According to a Texas A&M study: “[Over time, lead slowly] accumulates in the body and can cause lead poisoning. Even at low concentrations, when there are no outward symptoms, lead can damage the brain, kidneys, nervous system and red blood cells. Some effects of lead poisoning may diminish if the source of exposure is removed, but some damage is permanent.
“Symptoms of lead poisoning include tiredness, a short attention span, restlessness, poor appetite, constipation, headaches, sudden behavior change, vomiting and hearing loss. Adults with lead poisoning may be irritable and disoriented.
“Interestingly, most children with lead poisoning do not show any visible symptoms, even though young children, infants and fetuses absorb lead more quickly than adults and are vulnerable to even small amounts of it. Lead poisoning can cause a child’s mental and physical development to be irreversibly stunted.”
Estimates from both governmental sources to Fitch Ratings suggest that the cost to replace all those old lead water utility pipes range from $250 to $300 billion. When all of our infrastructure fixes are aggregated, the total costs exceed $2 trillion, money that is not remotely close to that level in any federal or state infrastructure budget. The numbers grow annually as “deferred maintenance” makes things much worse. In fact, we are seeing conservative legislators, state and federal, fighting to reduce budgets and mandates for environmental agencies, including the EPA, and limiting how much we re willing to invest to bring the United States infrastructure into the 21st century.

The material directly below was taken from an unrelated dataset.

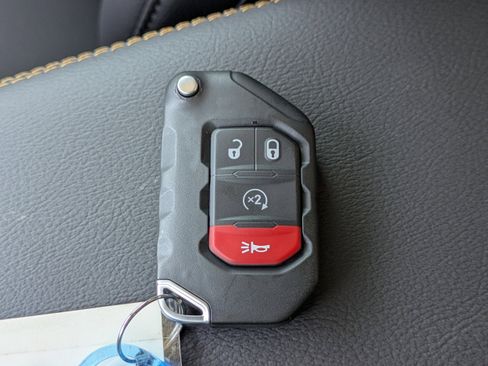 New 2025 Jeep Wrangler Sahara image 33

It really does come down to how much we care about ourselves and our future. We are stupidly living off the investments of past generations, apparently unwilling to continue such efforts under a notion of “fiscal responsibility.” But once again, our elected representatives do not seem to be able to differentiate between “spending” (which has no economic rate of return) and “investing” (generally, education, research and infrastructure) which does. We cannot make our nation “great again” without massive investment in those aspects of life that only a government can make, and there are no shortcuts or panaceas to the contrary.
I’m Peter Dekom, and we need to face up to reality or live with the consequences… which can be fatal.